こんにちは!
サラリーマン税理士のりゅうです。
今回は、退職金(退職所得)があった場合の合計所得金額についてのお話です。
今更ですが、令和2年分の年末調整及び確定申告から、「合計所得金額」による制限が設けられたため、所得控除の控除額等に影響がでるケースがあります。
特に退職金については、基本的には確定申告も不要であるため、令和1年分以前の感覚でいると痛い目を見るかもしれません。

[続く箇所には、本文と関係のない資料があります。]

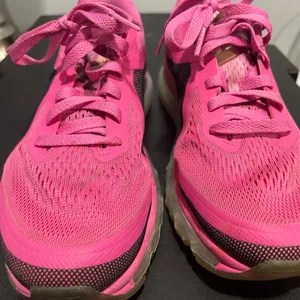 Nike Pink Performance Athletic Shoes with Breathable Mesh thumbnail 4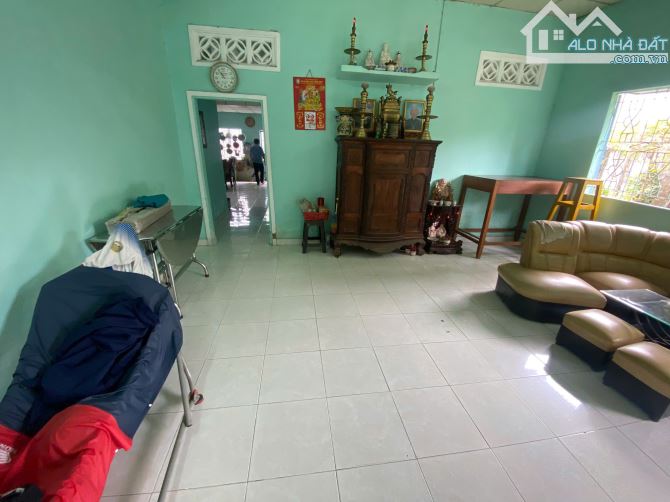 Bán đất tặng nhà, Nguyễn Thị Đinh, 1100m2, 25x44m, full thổ cư, không quy hoạch, hẻm ÔTÔ - 10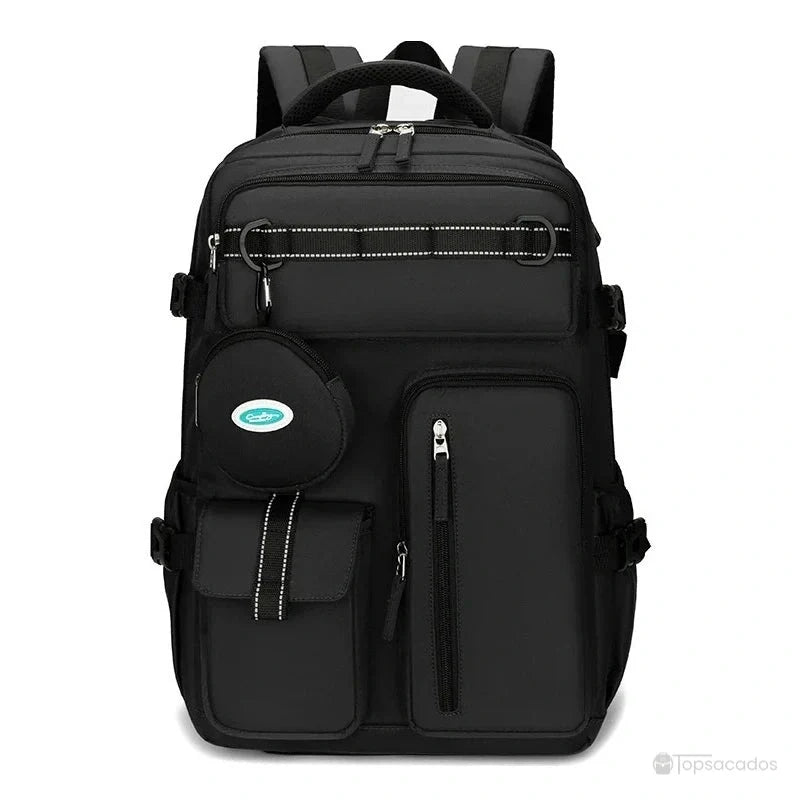 Sac à dos 25l noir vu de face avec multiples poches de rangement et petit compartiment rond, sur fond blanc neutre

年末調整業務や確定申告業務に携わる人は、ミスの無いよう処理する必要があります。
合計所得金額とは
合計所得金額とは、国税庁のホームページによると、下記のように定義されています。
合計所得金額
次の①と②の合計額に、退職所得金額、山林所得金額を加算した金額です。
※申告分離課税の所得がある場合には、それらの所得金額(長(短)期譲渡所得については特別控除前の金額)の合計額を加算した金額です。
①事業所得、不動産所得、給与所得、総合課税の利子所得・配当所得・短期譲渡所得及び雑所得の合計額(損益通算後の金額)
②総合課税の長期譲渡所得と一時所得の合計額(損益通算後の金額)の2分の1の金額
ただし、「総所得金額等」で掲げた繰越控除を受けている場合は、その適用前の金額をいいます。国税庁ホームページ
https://www.nta.go.jp/taxes/shiraberu/shinkoku/tebiki/2022/03/order3/yogo/3-3_y02.htm
ざっくり説明すると、次の①から⑧までの合計額をいいます。
①事業所得、不動産所得、給与所得、総合課税の利子所得・配当所得・短期譲渡所得及び雑所得の合計額(損益通算後)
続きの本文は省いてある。